Пистолькорс, бравый кавказский офицер, послан был с отрядом поколотить массы узбекского войска Шахрисябза и Китаба, придвигавшихся с юго-восточной стороны. Побить-то он их побил и по праву всех победителей даже ночевал на поле битвы, но... когда двинулся назад, неприятель снова насел на него и, как говорится, на его плечах подошел к Самарканду. Генерал Кауфман и мы за ним выехали навстречу возвращавшемуся отряду, но уже в предместье города нас встретили выстрелами, а в окружающих садах завязалась такая живая перестрелка, что пришлось часть бывших с нами казаков тут же послать в атаку, чтобы отвратить опасность от самого командующего войсками; мы с некоторым конфузом воротились. Многие из офицеров отряда выражали неудовольствие на эту победу, смахивавшую на отступление, и я слышал, что полковник Назаров, храбрый офицер и большой кутила, громко называвший последнее движение к Самарканду бегством, вдобавок ослушавшийся Пистолькорса, был посажен Кауфманом под арест с воспрещением участвовать в будущих военных действиях.
Туземцы ободрились этою как бы удачею, в сущности, сводившеюся к тому, что неприятель, не будучи разбит наголову, а только поколочен, немедленно же снова собрался и заявил о себе, как это всегда на Востоке бывает. Как бы то ни было, стали настоятельно ходить слухи о том, что город окружен неприятелем. Мы, молодежь, впрочем, были совершенно без забот; мне и в голову не приходила мысль как о более или менее отдаленной опасности для всего отряда, так и о немедленной опасности для себя лично.
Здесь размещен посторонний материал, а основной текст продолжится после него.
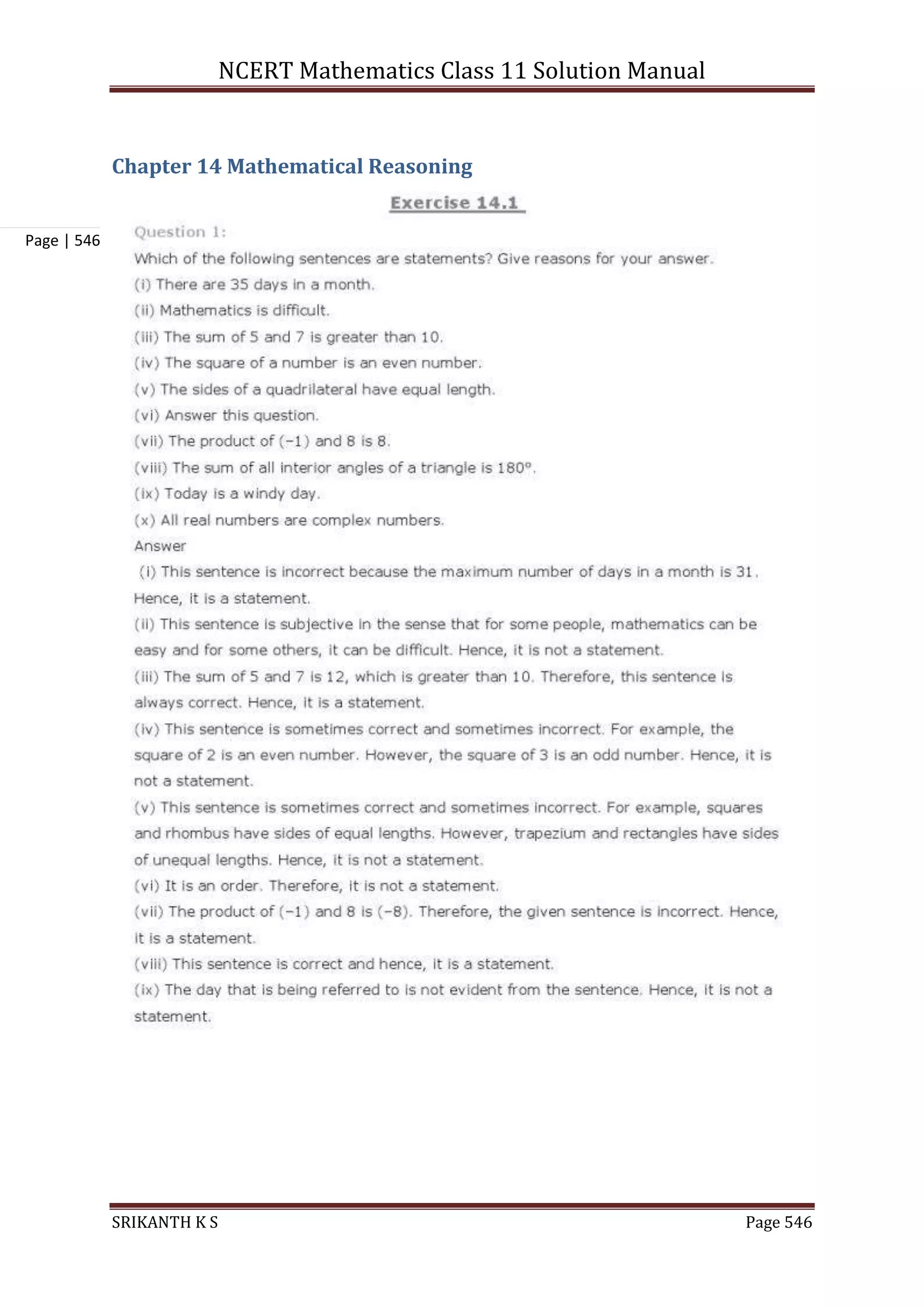 NCERT Mathematics Class 11 Solution Manual
SRIKANTH K S Page 546
Page | 546
Chapter 14 Mathematical Reasoning
 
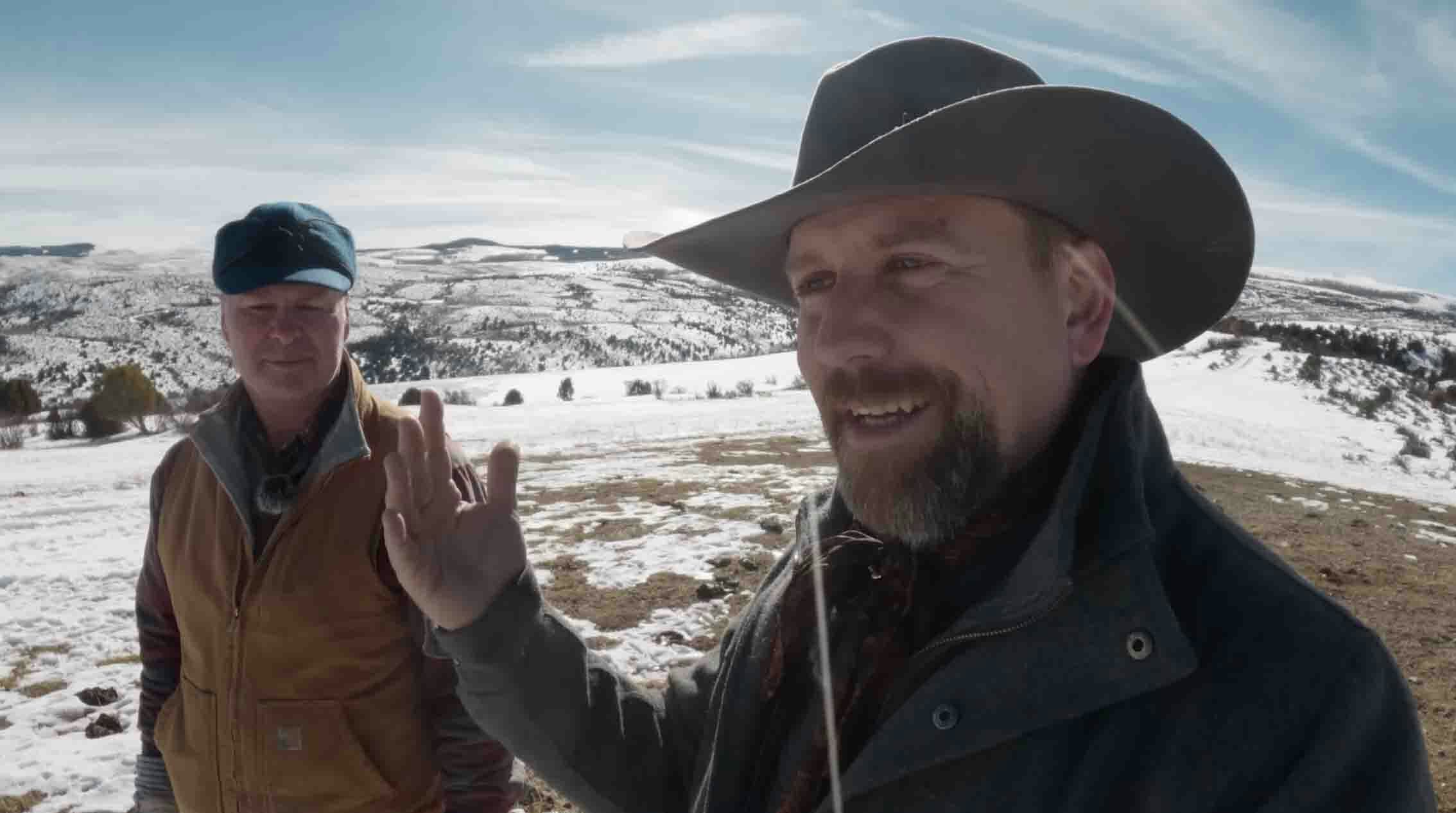 Outdoorsman Trinity Vandenacre (right) interviews a Colorado rancher about the effects of wolves on the cattle industry there.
Каждый день я ездил с одним казаком по базару и по всем городским переулкам и закоулкам и только долго спустя понял, какой опасности ежедневно и ежечасно подвергался. Еще до выхода командующего войсками, при проезде городом, невольно бросались в глаза по улицам кружки народа, преимущественно нестарого, жадно слушавшего проповедовавших среди них мулл; в день возвращения отряда Пистолькорса проповеди эти были особенно оживленны, явно было, что народ призывался на священную войну с неверными. Когда мне вздумалось раз, для сокращения пути к цитадели, свернуть с большой базарной дороги и проехать узенькими, кривыми улицами, на одном из поворотов открылся большой двор мечети, полный народа, между которым ораторствовал человек в красной одежде – очевидно, посланец бухарского эмира. В довершение всего я встретил моего приятеля, старшего муллу мечети Ширдари, идущего по базару и жестами и голосом возбуждавшего народ. «Здравствуй, мулла!» – сказал я ему; он очень сконфузился, но вежливо ответил и волею-неволею перед всеми должен был пожать протянутую ему руку.